Day 4 - Monday, August 8th

Mel and Claire reinforce Claire's sandals with more duct tape and set off for the waterfall around the next mountain in the morning.  Katy and I linger at breakfast.  I wish I could have every breakfast overlooking those rice terraces.  A local guy named Hubert tells us about possible hikes in the area, including the snakes through the mountains, passing two more villages and will eventually deposit us back in Banaue for tomorrow's night bus back to Manila.  We deliberate and decide to go for it.  I imagine we will be going along rice terraces in a reasonably level path around the mountains.  ...  After barely making it down, up, down, up, and dowwwwn to the waterfall, I begin to have visions of lying in a rice paddy begging Katy and Hubert to leave me, just leave me to die here.  We make it back out of the waterfall canyon.  I apologize to Hubert, but I just don't think I can make it to the villages.  I am going back to Rita's.  He tries hard to talk me out of it but eventually acquiesces, and we head back.  Back at Rita's, we shower and get invites to the dinner for Rita's rice harvesters.  It is ginger chicken stew and a heaping plate of rice.  Delicious.  After reading by solar powered light due to a brown-out, we head to bed early.  Some hours later Katy wakes me up and illuminates with her head lamp a rat-sized cockroach twitching finger-length feelers on the light fixture directly above our faces.  Katy is quite understandably concerned about the cockroach's ability to stick to the ceiling and what might happen should it suddenly lose it's ceiling-sticking powers.  Though the thought of sharing a bed with a bug the size of a rodent was of some concern to me, I had been soundly asleep.  I think I mumbled something that I can only hope was appropriately sympathetic before falling back to sleep.

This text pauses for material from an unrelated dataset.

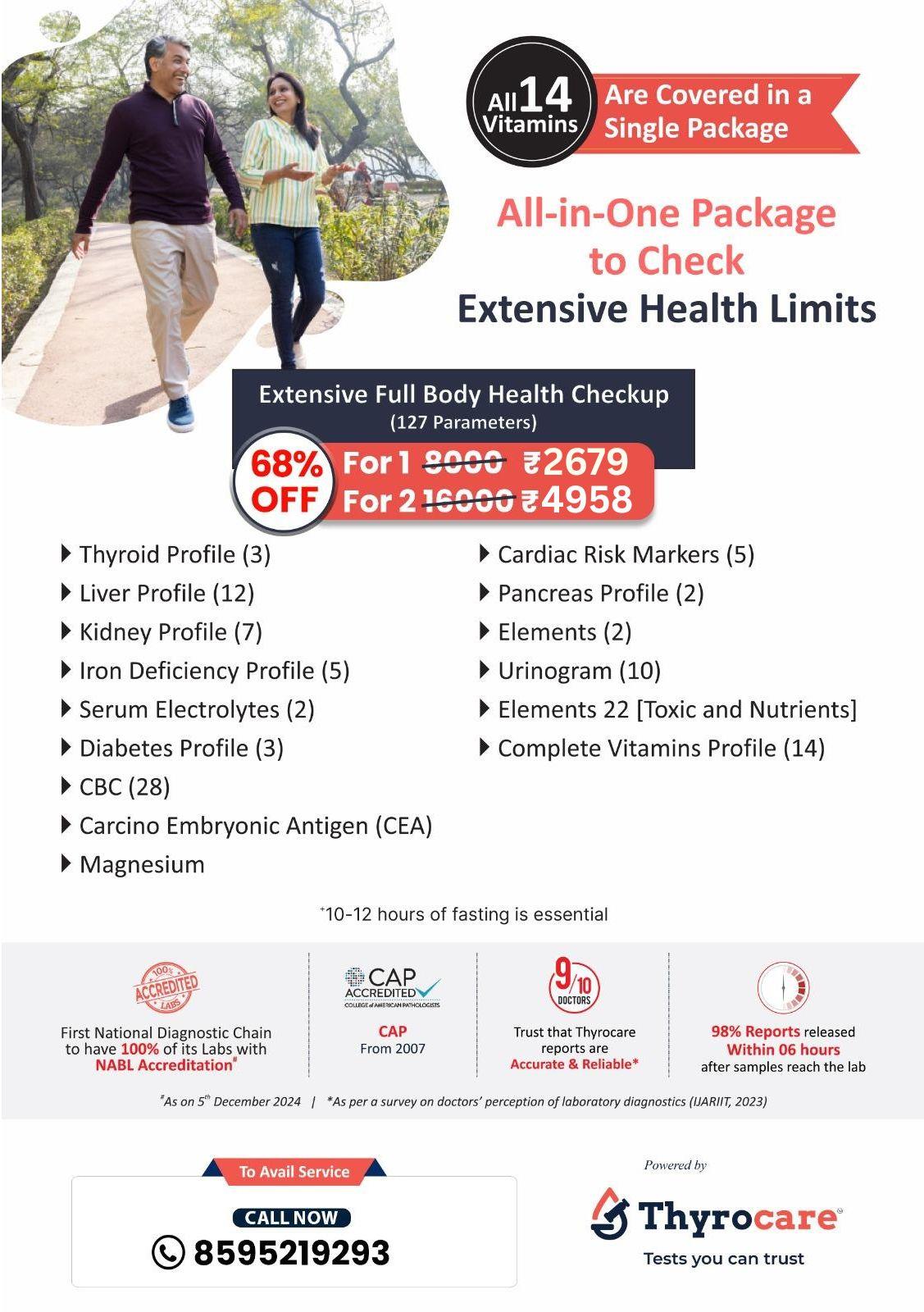 EXTENSIVE FULL BODY HEALTH CHECKUP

breakfast, sweaty and ready for a swim, jungle waterfall, on the way back to Rita's before the storm rolled in and I was REALLY glad I wasn't stuck up a mountain crying in a rice paddy





  

Day 5 - Tuesday, August 9th

We wake up early and set off back to The Junction, and possibly back to Banaue as jeepneys are crazy expensive if you are not sharing one, and it's only an extra 10 kilometers along a quite reasonable road.  We arrive back at The Junction after much marveling over the views.  We get swindled by a tiny basket-making grandmother named Soledad who sells me a small basket and good luck charm necklace for 500 pesos.  After walking back the 10 kilometers to Banaue we notice similar baskets and necklaces in a gift shop for 200 pesos and 50 pesos respectively.  But she was cute, and our baskets are most certainly of better quality.  We get lunch and a room with a hot shower, though it is more like a trickle.  We wash off layers of dust, sweat, and sunscreen, repack, eat dinner, and get back on a bus to Manila.  This one has neither the Arctic air conditioning nor the movies nor the music.  I kind of miss the movies and music as sleeping is not made any easier by the added lurching of going down a mountain.

last view of Rita's lovely guesthouse, the road to Banaue, us and Soledad, the views on the walk back... much better than from the inside of a jeepney




That's all for now.  I'd add more, but it's past midnight, and I have a 5:55 am train to the Cambodian border.